Gary Doer is the fourth heavy hitter hired by a provincial government to lobby on their behalf on the softwood file but he says the goal isn't negotiating individual deals for provinces, but for a team Canada approach to get a negotiated agreement for all.
"We're going to try to be as effective as we can and use our own unique contacts with the United States but at the same time at a the end of the day it's going to be an agreement between Canada and the United States," he told The Canadian Press in a phone interview.
"All of us can put leverage on to get that agreement, particularly with customers."
Last October, Quebec hired Raymond Chretien, who was Canada's ambassador in Washington between 1994 and 2000, to represent it in the softwood negotiations.
In February, British Columbia brought on former Conservative international trade and foreign affairs minister David Emerson to be its special envoy on the file. Ontario hired former international trade minister Jim Peterson as its softwood lead in late April.

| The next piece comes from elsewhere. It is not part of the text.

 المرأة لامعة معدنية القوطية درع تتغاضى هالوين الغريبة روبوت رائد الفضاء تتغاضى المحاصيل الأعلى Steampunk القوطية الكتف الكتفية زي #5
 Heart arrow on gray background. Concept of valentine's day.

Foreign Affairs Minister Chrystia Freeland is leading the negotiations at the federal level.
On April 28, the U.S. Department of Commerce began slapping import tariffs of three to 24 per cent on softwood lumber imports from Canada. The U.S. administration alleges Canada's wood comes mostly from Crown land and governments sell the wood at artificially low prices, thereby providing an unfair advantage to Canadian companies.
This is the fifth time since 1981 that Canada and the U.S. have argued over softwood and Canada has won most of its international trade and U.S. legal challenges against softwood duties. The latest softwood agreement reached in 2006 expired in 2015 but there was a year's grace period before the U.S. could take legal action.

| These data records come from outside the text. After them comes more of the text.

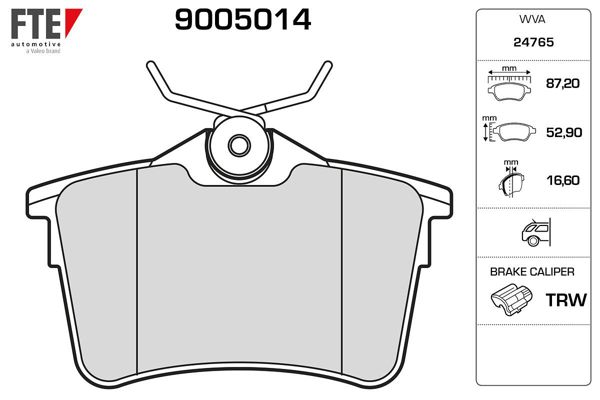 FTE 9005014 | Arka Fren Balatası P308 Sw P307 1.4 16V / 1.6 16V / 2.0 / 1.6 HDI / 2.0 HDI 09 / 07-Partner Tepee C4 Xsara Picasso Berlingo III 1.6 / 1,6Hdı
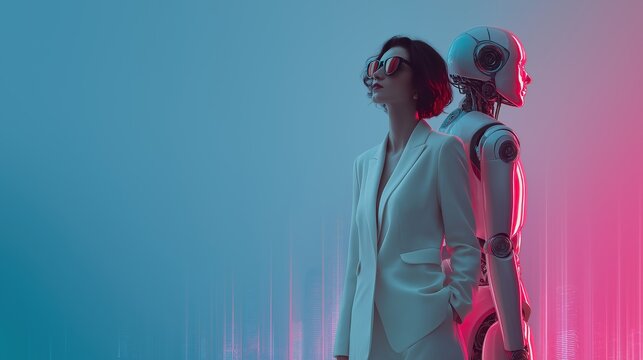 A humanoid robot AI agent and a human together as a team symbolizing agentic autonomy using future AGI superintelligence for teamwork and ASI collaboration during the singularity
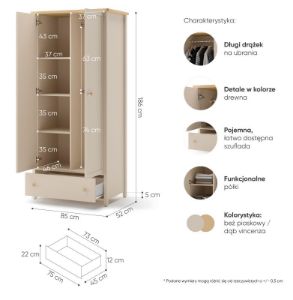 Obrazek Szafa dwudrzwiowa z szufladą Story SO-12 beż piaskowy/dąb vincenza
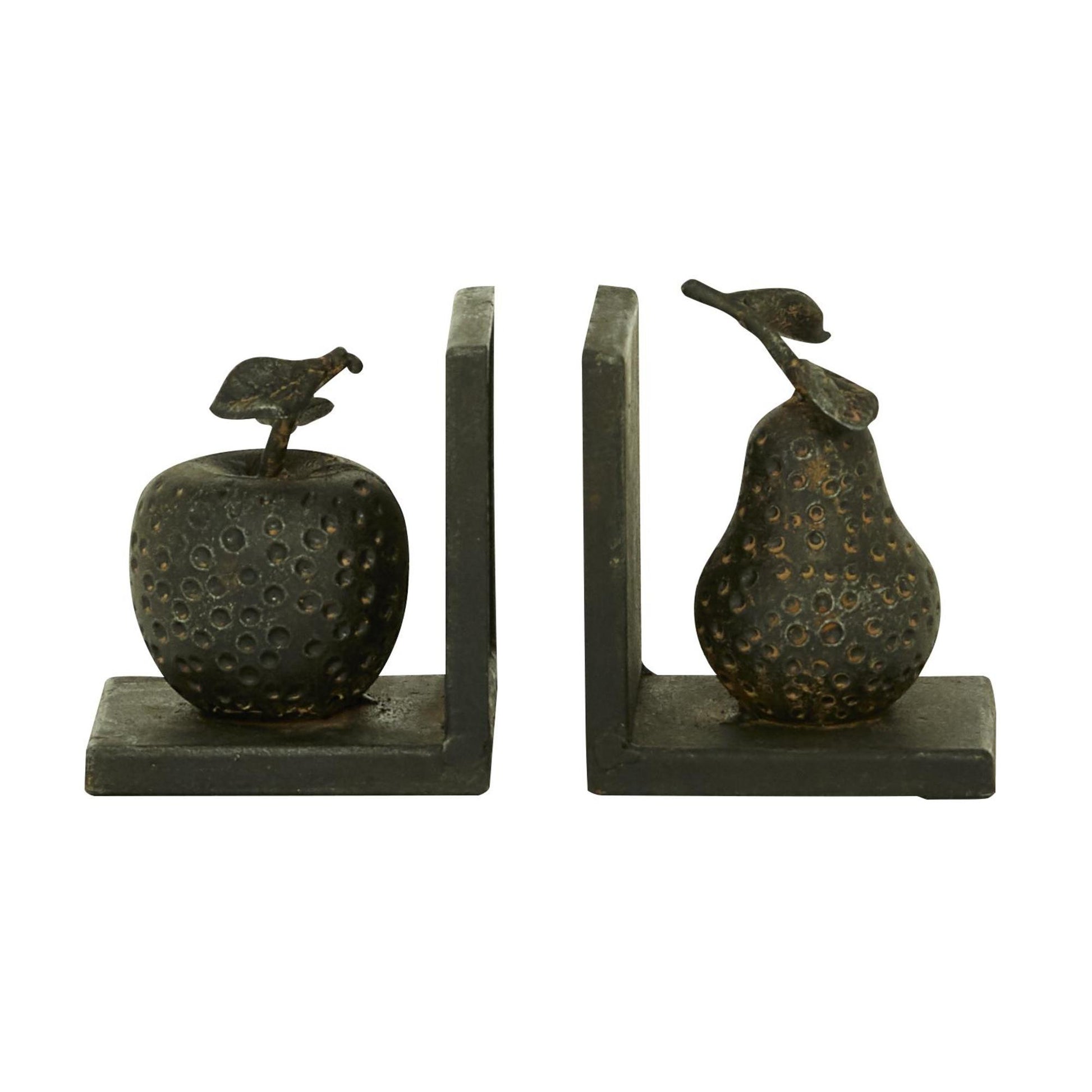 Set of 2 Fruit Gray Metal Apple and Pear Decorative Bookends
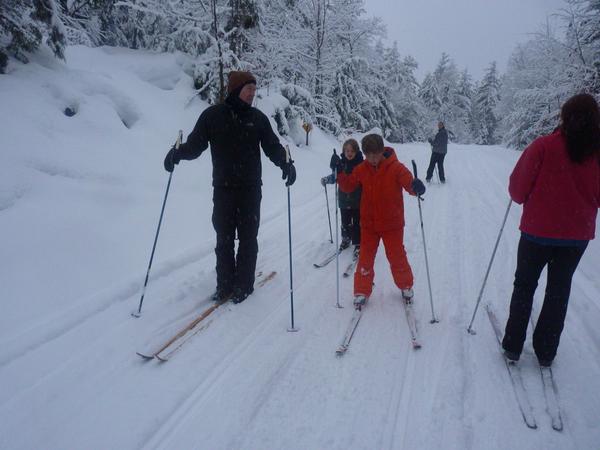 The group skiing on McCloud Grade.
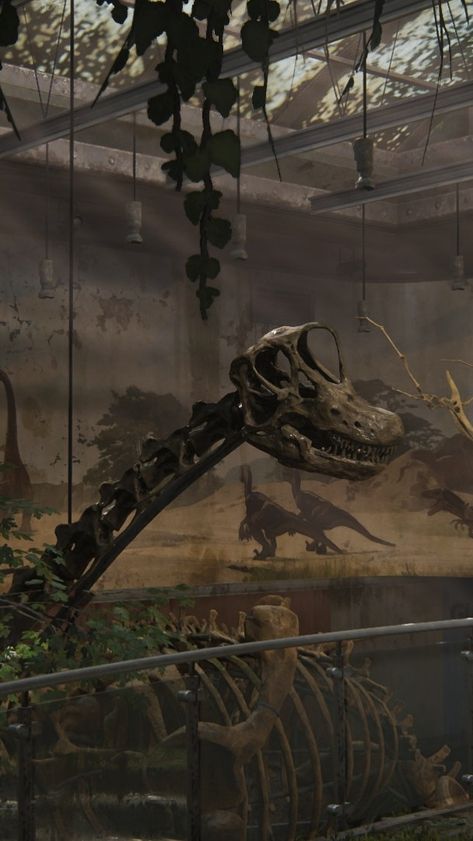 The Last Of Us Dinosaur, Paleontology Wallpaper, Dino Aesthetic Wallpaper, Fossil Wallpaper, Tlou Environment, Tlou Wallpapers, Tlou Aesthetic, Dinosaur Museum, Apocalypse Aesthetic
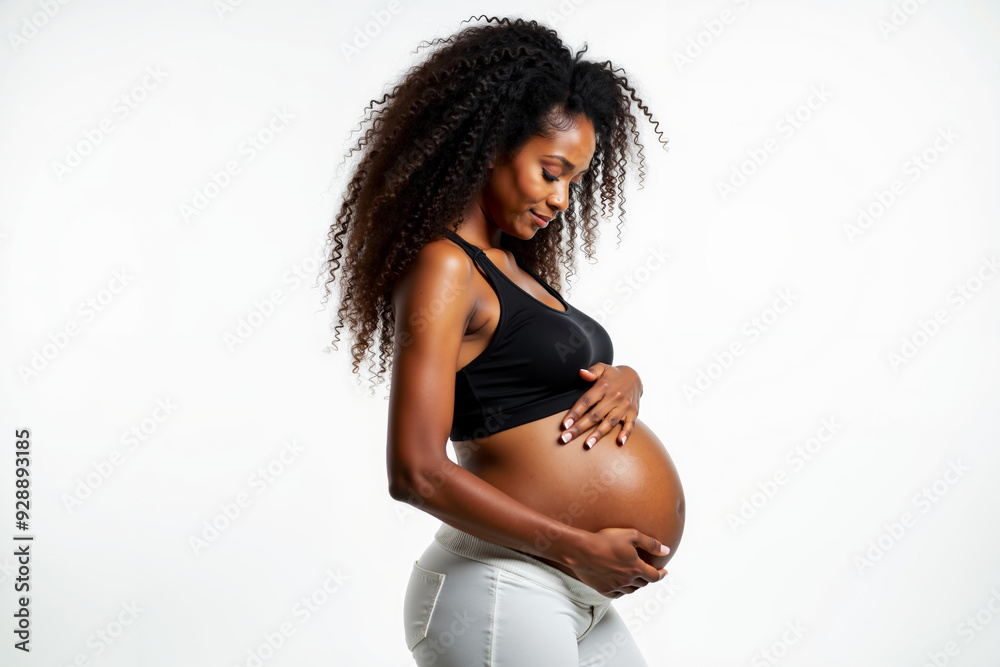 photo of pregnant woman standing pose on white background, generative AI photo of pregnant woman standing pose on white background, generative AI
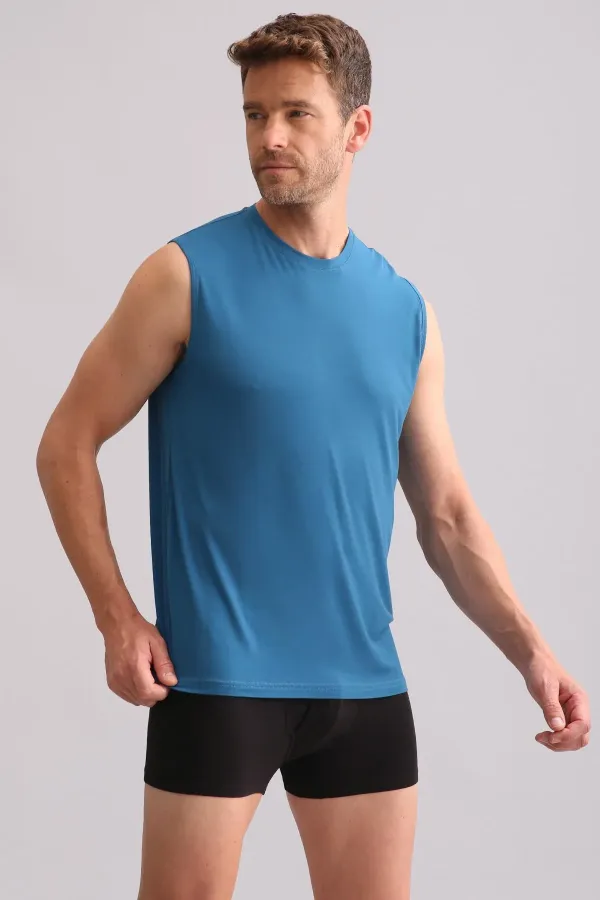 Mısırlı BAMBU ZEUS Regular Fit Bisiklet Yaka Sporcu Atlet / T-Shirt Petrol Mavisi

As soon as that grace period ended, the U.S. Lumber Coalition asked for action, and the U.S. Department of Commerce initial investigation was completed in April. The U.S. is expected in June to add anti-dumping duties to the countervailing duties.

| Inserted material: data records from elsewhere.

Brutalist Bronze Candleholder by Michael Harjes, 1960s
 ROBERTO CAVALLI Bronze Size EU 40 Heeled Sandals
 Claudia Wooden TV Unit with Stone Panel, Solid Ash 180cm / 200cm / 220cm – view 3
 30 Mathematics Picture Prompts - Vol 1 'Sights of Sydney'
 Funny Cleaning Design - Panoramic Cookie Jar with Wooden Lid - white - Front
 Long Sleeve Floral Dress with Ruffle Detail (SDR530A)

The impact on Canada's forestry industry is already being felt. Quebec-based Resolute Forest Products, one of the biggest forestry companies in Canada, issued temporary layoff notices to 1,282 employees last week. Resolute is cutting shifts at sawmills and planing operations, some for six weeks and others indefinitely. Two more sawmills will have production halted entirely for one or two weeks later this month.
A spokesman for Resolute said Monday the immediate impact on the industry is largely because of volatility in market pricing thanks to the duties, and the fact that some U.S. customers had built up some supply in anticipation of the duties.
Doer said the critical element to getting another negotiated agreement is finding, working with and giving a louder voice to the American interests which are hurt by the duties. Those include furniture makers, home builders, and home renovation companies which Doer says are completely opposed to the duties because it pushes their costs up.
"To get what we got last time, we did it with allies in the United States," Doer said.
"That's the crucial part. And we do have allies. And they're customers. Customers don't have the voice that some of the special interest groups do in Washington. It's our job to make sure the broader voices are heard in the United States."
Doer is a senior business adviser at Dentons global law firm where he works on cross-border legal matters. Alberta will pay Dentons $10,000 a month for Doer's services.
Doer served as Manitoba's premier from 1999 to 2009 and was ambassador to the U.S. from 2009 to 2016. He said he was involved in the softwood negotiations prior to the last deal on a peripheral level with Manitoba's relatively small share of the softwood market, but as Canada's ambassador in Washington was more heavily involved when the deal was extended for two years.